Kończąc, warto naszym parlamentarzystom przypomnieć stanowisko Międzynarodowej Unii Ochrony Przyrody, która na pytanie: „Czy polowanie na trofea powoduje spadek liczebności dużych afrykańskich ssaków?” odpowiedziała: „Chociaż istnieją dowody na to, że dla niewielkiej liczby populacji niezrównoważone polowania na trofea przyczyniły się do lokalnych spadków (np. Loveridge i in., 2007, Packer i in., 2009, 2011), nie stanowi to znaczącego zagrożenia dla żadnego z tych gatunków i stanowi zazwyczaj znikome lub niewielkie zagrożenie dla afrykańskich populacji dzikich zwierząt (Lindsey, 2015). Główne przyczyny spadku liczebności dużych ssaków takich jak słoń afrykański, bawół afrykański, nosorożec biały, nosorożec czarny, afrykański dziki pies czy zebra górska Hartmanna, to utrata i degradacja siedlisk, konkurencja ze zwierzętami hodowlanymi, niekontrolowane kłusownictwo w celu pozyskania mięsa i handlu produktami pochodzenia zwierzęcego (kość słoniowa, rogi itp.) oraz zabicia wynikające z zemsty za konflikt między człowiekiem a dziką przyrodą (Schipper i in., 2008; Ripple i in., 2015). W szczególności w przypadku lwów najważniejszymi przyczynami spadku populacji jest zabijanie w obronie życia ludzkiego i zwierząt gospodarskich, utrata siedlisk i zubożenie bazy ofiar (zwykle w wyniku kłusownictwa) (Bauer i in., 2015).
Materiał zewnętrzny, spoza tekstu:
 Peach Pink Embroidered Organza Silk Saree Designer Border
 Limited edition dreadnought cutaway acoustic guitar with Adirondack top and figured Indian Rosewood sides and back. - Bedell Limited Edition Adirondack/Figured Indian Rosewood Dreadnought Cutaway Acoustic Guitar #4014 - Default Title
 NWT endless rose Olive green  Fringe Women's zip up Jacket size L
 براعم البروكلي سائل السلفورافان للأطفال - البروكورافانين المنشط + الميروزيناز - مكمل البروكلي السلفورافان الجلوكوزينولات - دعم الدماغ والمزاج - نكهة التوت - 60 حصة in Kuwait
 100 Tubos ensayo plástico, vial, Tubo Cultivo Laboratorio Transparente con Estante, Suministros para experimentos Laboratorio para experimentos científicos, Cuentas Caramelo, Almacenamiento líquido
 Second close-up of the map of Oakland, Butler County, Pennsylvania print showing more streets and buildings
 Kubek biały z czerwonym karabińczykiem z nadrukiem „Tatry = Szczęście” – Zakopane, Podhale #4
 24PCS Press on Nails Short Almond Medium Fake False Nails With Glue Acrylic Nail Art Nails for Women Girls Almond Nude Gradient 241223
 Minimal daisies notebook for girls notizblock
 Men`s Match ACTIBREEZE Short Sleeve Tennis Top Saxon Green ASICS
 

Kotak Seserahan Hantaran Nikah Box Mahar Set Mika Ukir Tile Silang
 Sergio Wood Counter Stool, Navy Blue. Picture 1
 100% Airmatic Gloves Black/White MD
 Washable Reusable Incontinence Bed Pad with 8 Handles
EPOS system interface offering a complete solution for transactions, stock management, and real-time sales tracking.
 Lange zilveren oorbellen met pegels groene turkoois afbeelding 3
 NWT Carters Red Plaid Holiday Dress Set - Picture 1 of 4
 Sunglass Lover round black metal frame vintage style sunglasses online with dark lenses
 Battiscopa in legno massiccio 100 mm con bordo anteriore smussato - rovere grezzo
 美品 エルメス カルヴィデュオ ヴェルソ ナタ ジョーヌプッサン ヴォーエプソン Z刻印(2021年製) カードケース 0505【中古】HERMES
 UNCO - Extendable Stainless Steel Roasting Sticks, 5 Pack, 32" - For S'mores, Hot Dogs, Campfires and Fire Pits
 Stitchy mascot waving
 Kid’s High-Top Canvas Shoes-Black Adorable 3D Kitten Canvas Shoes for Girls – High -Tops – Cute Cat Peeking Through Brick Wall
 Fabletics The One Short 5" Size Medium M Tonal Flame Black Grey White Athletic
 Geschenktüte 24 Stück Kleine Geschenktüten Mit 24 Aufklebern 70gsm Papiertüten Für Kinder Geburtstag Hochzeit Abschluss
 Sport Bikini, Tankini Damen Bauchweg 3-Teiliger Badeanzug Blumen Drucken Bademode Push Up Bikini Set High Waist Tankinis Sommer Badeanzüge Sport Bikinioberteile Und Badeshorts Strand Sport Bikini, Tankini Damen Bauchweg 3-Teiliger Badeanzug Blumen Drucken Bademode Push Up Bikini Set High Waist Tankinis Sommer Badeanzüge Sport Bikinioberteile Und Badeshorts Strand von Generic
W przypadku wszystkich tych gatunków, jak zauważono w studiach przypadków, dobrze zarządzane polowanie na trofea może rzeczywiście sprzyjać odbudowie populacji, ochronie i utrzymaniu siedlisk.”

Szanowni posłowie rządzącej koalicji, już raz, w 2018 r. daliście się oszukać venatofobom. Nic w zamian nie zyskaliście, bo ortodoksyjni ekologianie to margines i naturalny elektorat lewicy, który nie zagłosuje na Was, bez względu jakie uczynicie do nich umizgi. Natomiast, że myśliwi i ich rodziny stanowią dużą grupę społeczną, która nie ma jednolitych poglądów i to właśnie stosunek do ich stylu życia będzie odgrywał znaczącą rolę w podjęciu decyzji na kogo oddać głos w jesiennych wyborach.